§ TASK BRIEF
Check every line below for the word "Soap" and copy the ones that have it.

§ Crawled caption data
################

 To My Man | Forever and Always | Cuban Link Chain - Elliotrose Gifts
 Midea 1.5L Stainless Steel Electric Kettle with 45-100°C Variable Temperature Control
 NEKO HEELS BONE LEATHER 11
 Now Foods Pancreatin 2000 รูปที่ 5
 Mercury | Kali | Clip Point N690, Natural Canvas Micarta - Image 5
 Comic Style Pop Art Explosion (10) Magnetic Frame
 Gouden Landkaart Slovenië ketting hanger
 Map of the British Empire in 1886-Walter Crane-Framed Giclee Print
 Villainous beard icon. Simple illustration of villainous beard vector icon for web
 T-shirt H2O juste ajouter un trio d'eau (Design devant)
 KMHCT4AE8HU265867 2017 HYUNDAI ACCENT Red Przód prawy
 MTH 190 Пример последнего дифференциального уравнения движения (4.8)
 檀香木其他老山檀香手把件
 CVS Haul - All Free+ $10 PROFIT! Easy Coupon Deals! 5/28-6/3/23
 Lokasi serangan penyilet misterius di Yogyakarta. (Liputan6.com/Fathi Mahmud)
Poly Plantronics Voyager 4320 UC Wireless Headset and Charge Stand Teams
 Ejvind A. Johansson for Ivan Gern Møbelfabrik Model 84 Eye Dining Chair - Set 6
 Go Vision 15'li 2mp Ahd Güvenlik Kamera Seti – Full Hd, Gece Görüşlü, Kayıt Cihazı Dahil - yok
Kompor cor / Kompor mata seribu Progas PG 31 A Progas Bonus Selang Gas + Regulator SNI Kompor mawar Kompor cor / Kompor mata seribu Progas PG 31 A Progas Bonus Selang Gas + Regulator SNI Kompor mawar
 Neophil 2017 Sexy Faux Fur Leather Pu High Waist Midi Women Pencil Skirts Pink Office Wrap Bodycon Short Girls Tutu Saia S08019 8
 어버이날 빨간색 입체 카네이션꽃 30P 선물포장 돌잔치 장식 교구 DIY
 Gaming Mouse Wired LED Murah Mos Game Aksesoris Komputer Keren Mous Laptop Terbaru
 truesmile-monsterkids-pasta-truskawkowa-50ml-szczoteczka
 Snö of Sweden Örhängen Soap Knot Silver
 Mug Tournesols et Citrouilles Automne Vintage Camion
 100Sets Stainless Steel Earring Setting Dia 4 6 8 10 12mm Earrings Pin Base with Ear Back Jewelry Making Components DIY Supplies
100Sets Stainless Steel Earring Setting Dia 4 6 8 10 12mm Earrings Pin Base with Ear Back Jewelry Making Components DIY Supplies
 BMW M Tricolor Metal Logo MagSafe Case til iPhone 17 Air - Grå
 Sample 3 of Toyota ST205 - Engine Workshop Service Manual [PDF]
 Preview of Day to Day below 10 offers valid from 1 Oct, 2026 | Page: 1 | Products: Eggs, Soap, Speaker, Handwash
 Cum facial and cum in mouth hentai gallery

################

§ ANSWER
 Snö of Sweden Örhängen Soap Knot Silver
 Preview of Day to Day below 10 offers valid from 1 Oct, 2026 | Page: 1 | Products: Eggs, Soap, Speaker, Handwash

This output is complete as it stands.